Não que Little B seja uma retrospectiva tradicional. Ana Vitorino, actriz que também assina a direcção da peça, revela que as Visões Úteis – que não há muito tempo fizeram outro tipo de reflexões sobre o peso que a memória e o passado exercem nas decisões do presente – não quiseram fazer um “espectáculo documental” ou um “balanço de vida”. As histórias da vida pessoal e profissional de Mário Moutinho servem como “uma desculpa para se falar de outras coisas”, como, por exemplo, “a ideia de que a nossa vida não se completa no nosso percurso de vida”.

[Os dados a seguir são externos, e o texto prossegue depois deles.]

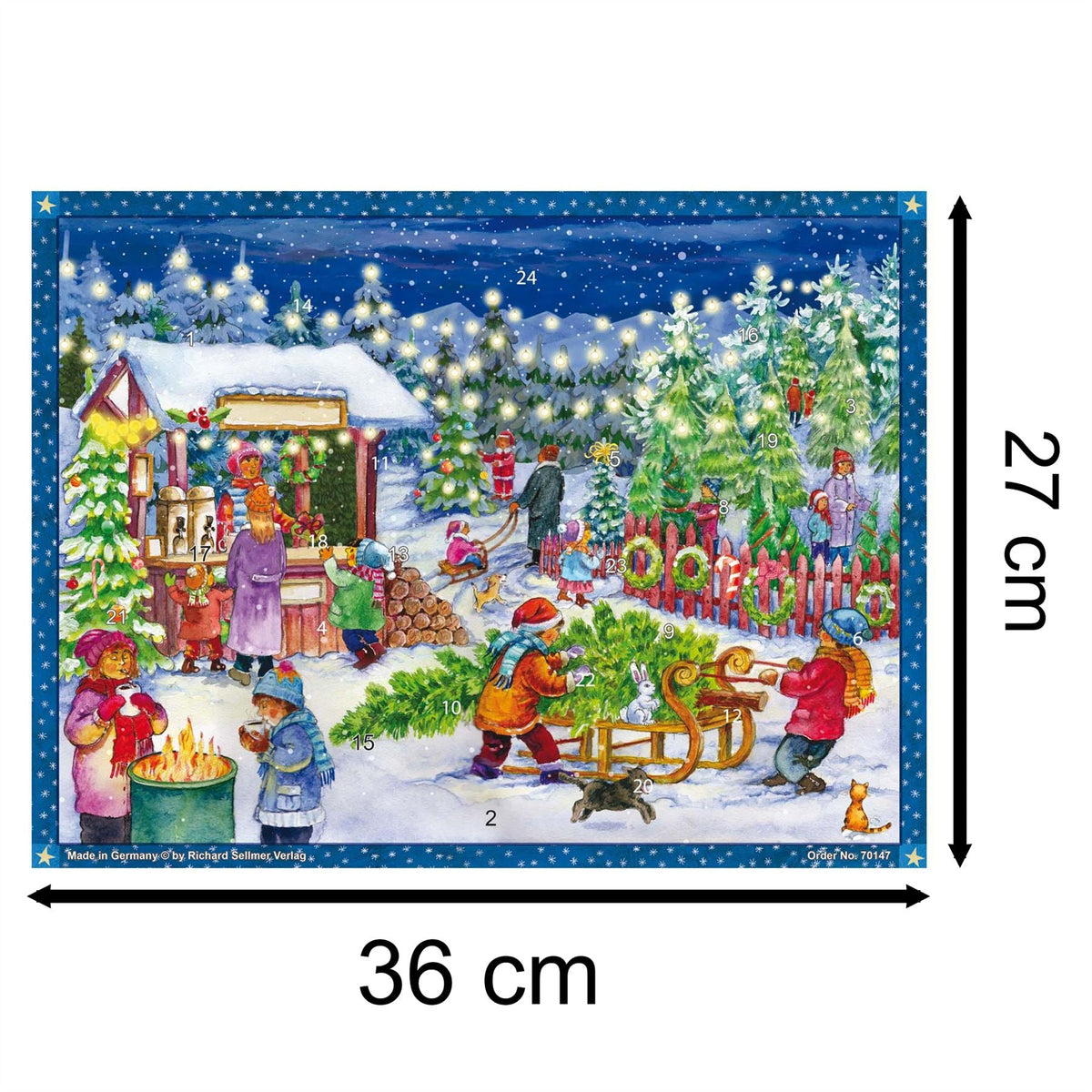 Christmas Tree Market Christmas Advent Calendar Traditional Door Advent Calendar Advent Calendar - Tophatter Daily Deals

É através da metafórica desmontagem do cenário, com a bateria, o retroprojector ou a marioneta bigoduda lá ao fundo, que a equipa começa por explorar esse conceito. O artista fala sobre alguns dos seus desencontros e falhanços antigos, antes de, sem darmos por isso, passarmos para um mundo completamente diferente, onde os actores que o acompanham em palco se colocam na sua pele ou supõem o que diria sobre a sua vida em entrevistas inventadas – que, ainda assim, correm desconfortavelmente mal.
A mudança é brusca e, talvez, até triste, porque os momentos mais gratificantes de Little B são também os mais sinceros, quando a peça pendura o fato do absurdo e da fantasia e Mário Moutinho surge apenas como o velho Mário, a desenterrar o baú. Pode ser o Marcial d’Os Andrades, ou o Guarda Serôdio d’Os Amigos do Gaspar – duas séries da RTP, exibidas entre os anos 80 e 90, onde o actor representou talvez os seus dois papéis mais importantes na televisão –, assim como pode ser a inconfundível voz dos anúncios a meio dos relatos da bola. Seja ainda, talvez, o Mário que lembra com brilho nos olhos a alegria que sentiu quando ouviu na rádio a notícia da revolução. Como se diz ao longo do espectáculo, “há coisas que não se podem ficcionar”, e, da mesma forma, o melhor Mário é o que só o próprio consegue ser, o que ainda não consegue tocar o raio do solo da música dos The Shadows.
No início, Mário Moutinho diz-nos que o segredo para um bom final no teatro é “acabar com uma frase com sentido”. No fim, com as baquetas na mão, o artista não diz nada. Pensa apenas no Mário que já quis ser uma estrela de rock e que teve idade para poder sonhar todos os sonhos do mundo. A menina Clara interrompe a contemplação silenciosa, pousa no chão a mochila que carrega às costas e começa a tocar bateria. É o solo de “Little B”, que o actor acompanha euforicamente batendo nos seus pratos imaginários. Se calhar, a idade para querer ser estrela de rock já passou, mas isso não quer dizer que não possa sonhar novos sonhos.
Little B foi exibido no Pequeno Auditório do Teatro Rivoli entre os dias 15 e 19 de Janeiro, e chega, a 24, ao Teatro Académico de Gil Vicente.